Bottom Line Up Front Employee Wellness Plans

Keeping the bottom line up front Bottom Line Up Front in Company Health and Wellness Program will help you get and sustain Senior Management support. A Bottom Line Up Front approach will also help you more realistically measure the impact of your Employee Wellness Program.

The bottom line in Employee Wellness Plans answer two primary questions:
• How will participant health be enhanced?
• What’s in it for Senior Management?

The ultimate bottom line: all roads should lead to readiness.
• Always be ready to communicate to leadership the ways that your Company Health and Wellness Program impacts readiness.
• Think like Senior Management: what Company Health and Wellness Program outcomes will be important from a Senior Management point of view?
• Develop line-centered language that communicates those outcomes.
• Ask participants how they think a particular Company Health and Wellness Program enhances force readiness. This input is a valuable source of information.

Use the following steps as a Bottom Line Up Front approach to Employee Wellness Programs.
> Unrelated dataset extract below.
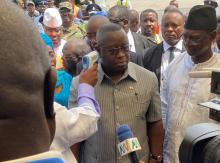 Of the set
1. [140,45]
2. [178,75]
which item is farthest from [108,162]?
[140,45]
Step 1: Think about the end of the Company Health and Wellness Program first and plan backwards.
• It has been said, “If you don’t know where you’re going, any road will get you there.”
• Before planning or starting any part of the Employee Wellness Program, be able to answer the questions: how will participant health be enhanced? What’s in it for Senior Management?

Step 2: Identify concrete Company Health and Wellness Program outcomes.
• Identify up front what the Company Health and Wellness Program is working towards.
o For example: will participants lose weight? Walk more steps? Decrease injuries? Move to another stage of change?
• Identify any processes or procedures that will be enhanced.
o For example: which pharmacy operations will become more efficient? How will record-keeping be streamlined?

Step 3: Determine what will be measured to show that Company Health and Wellness Program goals were achieved.
• Look at what data is really needed to show Company Health and Wellness Program effectiveness. Avoid the temptation to collect every possible piece of data. Choose a handful of important data points and stick to those.
• Think backwards when deciding what data to collect – consider how easily follow-up data can be collected when a Company Health and Wellness Program ends. Getting follow-up data is often a challenge.
• Only collect data for health behaviors or indicators that the Company Health and Wellness Program actually affected.
o For example: if the main Company Health and Wellness Program goal is that participants will walk more steps, then it may be better NOT to choose changes in cholesterol level as a Company Health and Wellness Program outcome (unless the Company Health and Wellness Program specifically addresses cholesterol).
• Avoid measuring outcomes that the Company Health and Wellness Program cannot (or did not) affect.

Step 4: Determine what Company Health and Wellness Program elements must be included to move participants towards the Company Health and Wellness Program goals.
• The concrete Company Health and Wellness Program outcomes identified in Step 2 are the compass for keeping the Company Health and Wellness Program on track. All Company Health and Wellness Program elements should lead towards that ultimate goal.

Working backwards when planning and starting Employee Wellness Plans is really forward thinking. Keeping the bottom line up front is a smart approach to Employee Wellness Programs.

This entry was posted on Tuesday, December 30th, 2008 at 8:02 am and is filed under Health Promotion. You can follow any responses to this entry through the RSS 2.0 feed. You can leave a response, or trackback from your own site.